***** SUPPLIED DATA
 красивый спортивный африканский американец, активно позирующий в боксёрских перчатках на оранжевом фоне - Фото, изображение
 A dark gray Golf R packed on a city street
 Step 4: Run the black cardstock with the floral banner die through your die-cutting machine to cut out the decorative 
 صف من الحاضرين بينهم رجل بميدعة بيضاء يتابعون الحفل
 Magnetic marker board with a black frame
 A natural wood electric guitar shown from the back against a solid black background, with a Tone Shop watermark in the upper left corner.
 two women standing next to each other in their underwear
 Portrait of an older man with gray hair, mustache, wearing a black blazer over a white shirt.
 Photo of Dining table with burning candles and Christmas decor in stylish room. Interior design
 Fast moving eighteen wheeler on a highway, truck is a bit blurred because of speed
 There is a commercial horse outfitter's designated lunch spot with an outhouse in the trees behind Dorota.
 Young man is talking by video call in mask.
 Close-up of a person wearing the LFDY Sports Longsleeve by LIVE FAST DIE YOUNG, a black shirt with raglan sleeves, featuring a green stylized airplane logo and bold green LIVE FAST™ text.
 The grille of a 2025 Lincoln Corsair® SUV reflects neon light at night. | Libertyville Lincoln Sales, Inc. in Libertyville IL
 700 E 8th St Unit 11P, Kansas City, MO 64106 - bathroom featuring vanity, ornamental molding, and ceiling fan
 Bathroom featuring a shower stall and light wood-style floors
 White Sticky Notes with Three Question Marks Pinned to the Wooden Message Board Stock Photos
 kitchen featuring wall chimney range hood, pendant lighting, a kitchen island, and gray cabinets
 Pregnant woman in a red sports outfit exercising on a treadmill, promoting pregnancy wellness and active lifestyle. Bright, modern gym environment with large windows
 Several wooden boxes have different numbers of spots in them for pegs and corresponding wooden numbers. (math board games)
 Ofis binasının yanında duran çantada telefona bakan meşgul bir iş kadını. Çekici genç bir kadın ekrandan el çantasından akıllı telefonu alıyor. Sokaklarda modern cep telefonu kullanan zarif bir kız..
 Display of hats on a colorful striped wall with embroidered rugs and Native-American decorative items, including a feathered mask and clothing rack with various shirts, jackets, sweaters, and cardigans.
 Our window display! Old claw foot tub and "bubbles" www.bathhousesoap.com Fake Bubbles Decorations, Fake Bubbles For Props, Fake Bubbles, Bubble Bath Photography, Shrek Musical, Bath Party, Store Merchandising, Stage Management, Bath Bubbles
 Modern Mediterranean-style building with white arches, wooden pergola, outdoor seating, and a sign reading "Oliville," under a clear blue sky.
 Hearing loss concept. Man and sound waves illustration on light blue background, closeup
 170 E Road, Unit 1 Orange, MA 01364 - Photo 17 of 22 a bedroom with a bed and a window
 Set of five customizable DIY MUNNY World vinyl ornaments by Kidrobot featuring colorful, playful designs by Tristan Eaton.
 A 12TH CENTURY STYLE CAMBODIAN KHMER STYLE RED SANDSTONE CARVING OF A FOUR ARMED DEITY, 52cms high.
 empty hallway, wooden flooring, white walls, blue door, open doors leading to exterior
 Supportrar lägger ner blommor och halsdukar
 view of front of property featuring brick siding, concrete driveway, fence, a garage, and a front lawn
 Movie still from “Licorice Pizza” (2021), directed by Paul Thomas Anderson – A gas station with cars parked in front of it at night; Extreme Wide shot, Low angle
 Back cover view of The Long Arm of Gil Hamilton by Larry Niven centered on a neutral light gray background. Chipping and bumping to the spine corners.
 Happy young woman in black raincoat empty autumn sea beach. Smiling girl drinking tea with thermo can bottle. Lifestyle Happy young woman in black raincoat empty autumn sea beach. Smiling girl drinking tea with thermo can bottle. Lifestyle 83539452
**********
» EXERCISE GOAL: Copy each record exactly, leaving nothing out.

» EXERCISE SOLUTION:
 красивый спортивный африканский американец, активно позирующий в боксёрских перчатках на оранжевом фоне - Фото, изображение
 A dark gray Golf R packed on a city street
 Step 4: Run the black cardstock with the floral banner die through your die-cutting machine to cut out the decorative 
 صف من الحاضرين بينهم رجل بميدعة بيضاء يتابعون الحفل
 Magnetic marker board with a black frame
 A natural wood electric guitar shown from the back against a solid black background, with a Tone Shop watermark in the upper left corner.
 two women standing next to each other in their underwear
 Portrait of an older man with gray hair, mustache, wearing a black blazer over a white shirt.
 Photo of Dining table with burning candles and Christmas decor in stylish room. Interior design
 Fast moving eighteen wheeler on a highway, truck is a bit blurred because of speed
 There is a commercial horse outfitter's designated lunch spot with an outhouse in the trees behind Dorota.
 Young man is talking by video call in mask.
 Close-up of a person wearing the LFDY Sports Longsleeve by LIVE FAST DIE YOUNG, a black shirt with raglan sleeves, featuring a green stylized airplane logo and bold green LIVE FAST™ text.
 The grille of a 2025 Lincoln Corsair® SUV reflects neon light at night. | Libertyville Lincoln Sales, Inc. in Libertyville IL
 700 E 8th St Unit 11P, Kansas City, MO 64106 - bathroom featuring vanity, ornamental molding, and ceiling fan
 Bathroom featuring a shower stall and light wood-style floors
 White Sticky Notes with Three Question Marks Pinned to the Wooden Message Board Stock Photos
 kitchen featuring wall chimney range hood, pendant lighting, a kitchen island, and gray cabinets
 Pregnant woman in a red sports outfit exercising on a treadmill, promoting pregnancy wellness and active lifestyle. Bright, modern gym environment with large windows
 Several wooden boxes have different numbers of spots in them for pegs and corresponding wooden numbers. (math board games)
 Ofis binasının yanında duran çantada telefona bakan meşgul bir iş kadını. Çekici genç bir kadın ekrandan el çantasından akıllı telefonu alıyor. Sokaklarda modern cep telefonu kullanan zarif bir kız..
 Display of hats on a colorful striped wall with embroidered rugs and Native-American decorative items, including a feathered mask and clothing rack with various shirts, jackets, sweaters, and cardigans.
 Our window display! Old claw foot tub and "bubbles" www.bathhousesoap.com Fake Bubbles Decorations, Fake Bubbles For Props, Fake Bubbles, Bubble Bath Photography, Shrek Musical, Bath Party, Store Merchandising, Stage Management, Bath Bubbles
 Modern Mediterranean-style building with white arches, wooden pergola, outdoor seating, and a sign reading "Oliville," under a clear blue sky.
 Hearing loss concept. Man and sound waves illustration on light blue background, closeup
 170 E Road, Unit 1 Orange, MA 01364 - Photo 17 of 22 a bedroom with a bed and a window
 Set of five customizable DIY MUNNY World vinyl ornaments by Kidrobot featuring colorful, playful designs by Tristan Eaton.
 A 12TH CENTURY STYLE CAMBODIAN KHMER STYLE RED SANDSTONE CARVING OF A FOUR ARMED DEITY, 52cms high.
 empty hallway, wooden flooring, white walls, blue door, open doors leading to exterior
 Supportrar lägger ner blommor och halsdukar
 view of front of property featuring brick siding, concrete driveway, fence, a garage, and a front lawn
 Movie still from “Licorice Pizza” (2021), directed by Paul Thomas Anderson – A gas station with cars parked in front of it at night; Extreme Wide shot, Low angle
 Back cover view of The Long Arm of Gil Hamilton by Larry Niven centered on a neutral light gray background. Chipping and bumping to the spine corners.
 Happy young woman in black raincoat empty autumn sea beach. Smiling girl drinking tea with thermo can bottle. Lifestyle Happy young woman in black raincoat empty autumn sea beach. Smiling girl drinking tea with thermo can bottle. Lifestyle 83539452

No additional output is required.